4. The Death Of Philippe Halsman’s Father

4. The Death Of Philippe Halsman’s Father

Description: After leaving Europe and moving to the US during the 1940s, Philippe Halsman became one of the world’s most renowned portrait photographers. However, before Halsman’s career even began, his life was almost derailed by a controversial murder case. On September 10, 1928, the 22-year-old Halsman went on a hiking trip with his father, Morduch Halsman, in the Zillertal Valley in Tyrol, Austria.

According to Halsman, he was walking ahead of his father when he suddenly fell into a ravine. When Halsman found his father’s body near a riverbank, he was still alive so Halsman went off to get help. By the time he returned, his father was dead and his empty wallet was now resting beside him. A stone was found with Morduch Halsman’s blood and hair on it, indicating that he was robbed and murdered sometime after his fall.

Authorities soon made the shocking allegation that Philippe Halsman was responsible and charged him with his father’s murder. He was found guilty and sentenced to 10 years in prison. However, Halsman had no discernible motive to kill his father and there was no evidence to implicate him. Since Halsman was Jewish and Tyrol was known for being an anti-Semitic community at the time, this seemed to be the motivating factor behind his conviction.

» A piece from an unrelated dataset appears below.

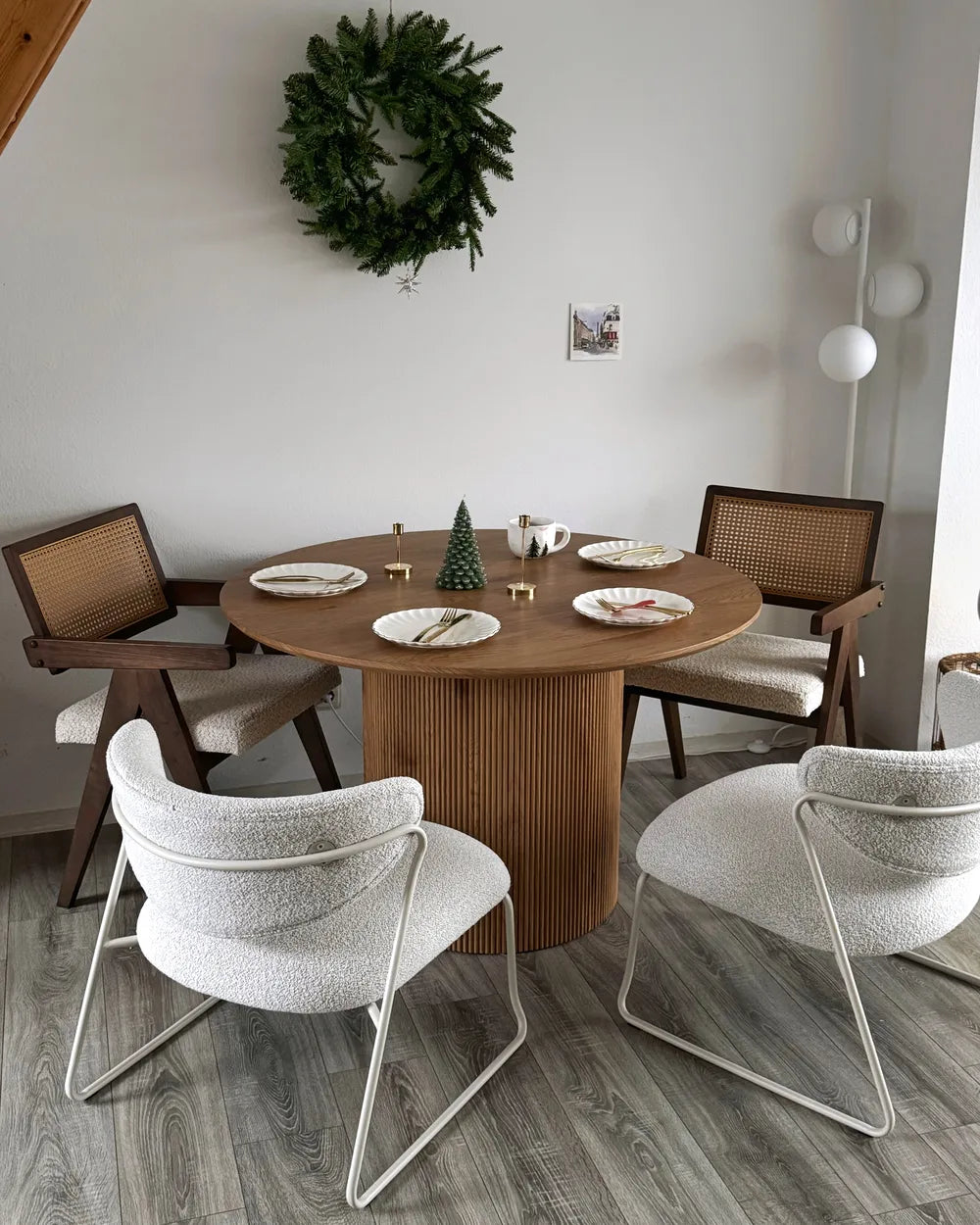Dining room with a round wooden table and chairs, including a wreath on the wall.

He had many notable supporters who believed in his innocence, including Albert Einstein and Sigmund Freud. The prosecution had presented Freud’s Oedipus complex as a possible motive for Halsman murdering his father, but Freud himself refuted this idea. Halsman eventually garnered a new trial and received a lighter sentence of four years, but his supporters weren’t satisfied. They successfully petitioned the President of Austria to grant Halsman a full pardon, and he was released in October of 1930. The real murderer of Morduch Halsman was never found.